High-yield: Under NPCDCS / NP-NCD, population-based NCD screening starts at age 30 years, uses the CBAC checklist, and is anchored at Health & Wellness Centres. Diabetes is screened alongside hypertension and the three common cancers.

Levels of prevention (community framing)

• Primordial: prevent emergence of risk factors — healthy public policy, food labelling, promoting physical activity from childhood.
• Primary: health promotion + specific lifestyle intervention in high-risk/pre-diabetes individuals (diet, exercise, weight loss) → prevents incidence.
• Secondary: early detection by screening (≥30 yr) and prompt treatment to prevent complications.
• Tertiary: disability limitation and rehabilitation — foot care, retinopathy laser/anti-VEGF, dialysis/transplant for nephropathy.

Key differentials

• DM vs renal glycosuria: glycosuria with normal blood glucose (low renal threshold) — diagnose with blood glucose, not urine.
• T1DM vs T2DM: age of onset, body habitus, ketosis, C-peptide (low in T1DM), autoantibodies (positive in T1DM).
• Stress/secondary hyperglycaemia: sepsis, steroids, Cushing's, pancreatitis — exclude before labelling primary diabetes.
• Diabetes insipidus: polyuria/polydipsia but normal blood glucose, dilute urine, ADH-related — do not confuse with mellitus.

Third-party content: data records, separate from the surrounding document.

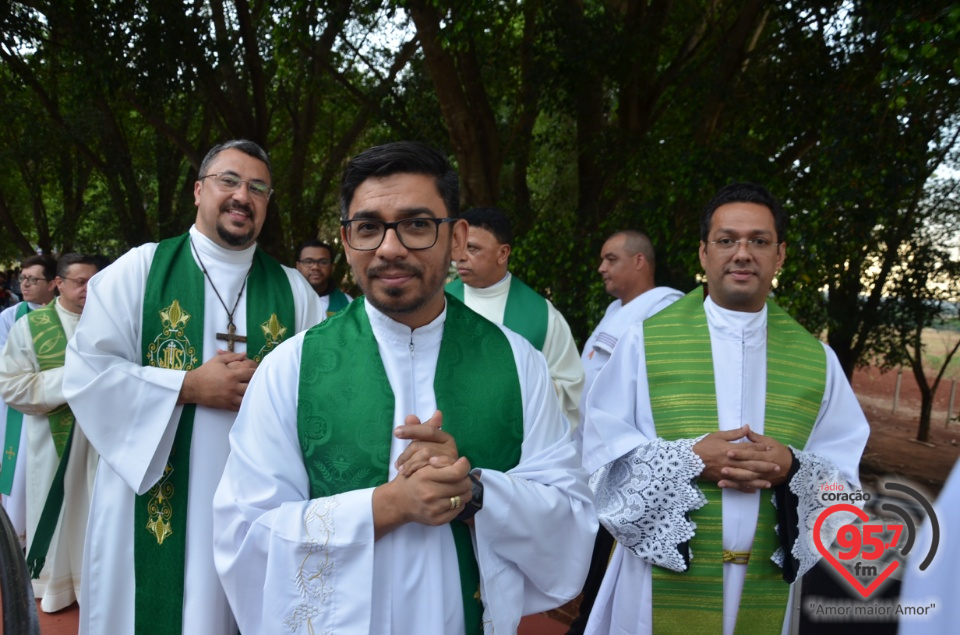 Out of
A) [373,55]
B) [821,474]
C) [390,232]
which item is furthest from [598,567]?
[373,55]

Recently asked / exam angle

• Exact WHO cut-offs: FPG ≥126 mg/dL, 2-h OGTT ≥200 mg/dL, HbA1c ≥6.5%, random ≥200 mg/dL with symptoms — recur almost every year. Know the mmol/L equivalents too (7.0 / 11.1).
• IFG vs IGT ranges — distinguish WHO IFG (110–125) from ADA IFG (100–125); IGT 140–199 mg/dL on OGTT.
• GDM screening: DIPSI single-step 75 g non-fasting, 2-h ≥140 mg/dL; and IADPSG fasting ≥92 / 1-h ≥180 / 2-h ≥153.
• NPCDCS: launch year (2010), screening age (30 years), CBAC checklist, Health & Wellness Centre delivery, the diseases covered.
• OGTT glucose load (75 g) and the fasting duration (8 hours) are favourite one-liners.
• HbA1c reflects 2–3 months, unreliable in haemoglobinopathy/anaemia/pregnancy.
• Asian Indian phenotype and revised Indian BMI/waist cut-offs (BMI ≥23 overweight; waist M ≥90, F ≥80 cm).
• Diabetic retinopathy = preventable blindness; nephropathy = ESRD; microalbuminuria = earliest nephropathy marker.

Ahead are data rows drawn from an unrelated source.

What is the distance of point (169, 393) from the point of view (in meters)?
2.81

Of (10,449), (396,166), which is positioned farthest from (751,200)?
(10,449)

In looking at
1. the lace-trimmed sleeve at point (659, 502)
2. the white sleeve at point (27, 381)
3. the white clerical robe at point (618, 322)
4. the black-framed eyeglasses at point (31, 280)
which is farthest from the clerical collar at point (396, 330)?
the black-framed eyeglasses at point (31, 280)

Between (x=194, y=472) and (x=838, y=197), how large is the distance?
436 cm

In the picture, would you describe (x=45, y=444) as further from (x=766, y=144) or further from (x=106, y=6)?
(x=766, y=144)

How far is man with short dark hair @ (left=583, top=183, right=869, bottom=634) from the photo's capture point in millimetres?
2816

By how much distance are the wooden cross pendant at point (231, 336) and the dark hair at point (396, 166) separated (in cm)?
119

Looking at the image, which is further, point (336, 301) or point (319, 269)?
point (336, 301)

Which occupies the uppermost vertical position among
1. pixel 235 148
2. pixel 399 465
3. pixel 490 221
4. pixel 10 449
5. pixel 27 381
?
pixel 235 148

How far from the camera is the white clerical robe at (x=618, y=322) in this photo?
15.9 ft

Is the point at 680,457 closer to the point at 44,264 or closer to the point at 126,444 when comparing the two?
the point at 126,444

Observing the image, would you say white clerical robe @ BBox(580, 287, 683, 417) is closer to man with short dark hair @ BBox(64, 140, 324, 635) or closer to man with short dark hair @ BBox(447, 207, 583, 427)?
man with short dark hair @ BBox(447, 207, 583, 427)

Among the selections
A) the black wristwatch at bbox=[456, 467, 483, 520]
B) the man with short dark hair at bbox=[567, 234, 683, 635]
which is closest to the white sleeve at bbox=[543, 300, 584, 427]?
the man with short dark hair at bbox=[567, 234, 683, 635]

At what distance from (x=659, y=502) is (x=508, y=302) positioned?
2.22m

Mnemonic for diagnostic numbers — "1-2-6 / 2-0-0 / 6.5": FPG 126, OGTT 200, HbA1c 6.5. For complications, "NRN" — Nephropathy, Retinopathy, Neuropathy (the microvascular trio).

Rapid revision

1. FPG ≥126 mg/dL (≥7.0 mmol/L) after ≥8 h fasting diagnoses diabetes.
2. 2-h post 75 g OGTT ≥200 mg/dL (≥11.1 mmol/L) = diabetes; 140–199 = IGT.
3. HbA1c ≥6.5% diagnoses diabetes; reflects glycaemia over the past 2–3 months; unreliable in anaemia/haemoglobinopathy/pregnancy.
4. Random plasma glucose ≥200 mg/dL + classic symptoms = diabetes.
5. IFG (WHO): FPG 110–125 mg/dL; IGT: 2-h OGTT 140–199 mg/dL — both are pre-diabetes, the target for primary prevention.
6. GDM (DIPSI): 75 g glucose, non-fasting, single-step, 2-h ≥140 mg/dL; IADPSG fasting ≥92 / 1-h ≥180 / 2-h ≥153 mg/dL.
7. Type 2 DM ≈ 90% of cases; India = high absolute burden, large undiagnosed pool, Asian Indian phenotype.
8. Metformin is the first-line drug of choice for T2DM; insulin is the mainstay for T1DM and preferred in pregnancy.
9. NPCDCS launched 2010 under NHM; population screening from age 30 using the CBAC checklist at Health & Wellness Centres.
10. Microvascular complications = retinopathy (blindness), nephropathy (ESRD), neuropathy; microalbuminuria is the earliest nephropathy sign.
11. Indian cut-offs: BMI ≥23 = overweight, ≥25 = obese; waist M ≥90, F ≥80 cm; central obesity is the key T2DM driver.
12. HbA1c target <7% for most adults; lifestyle modification is first-line for pre-diabetes and all T2DM.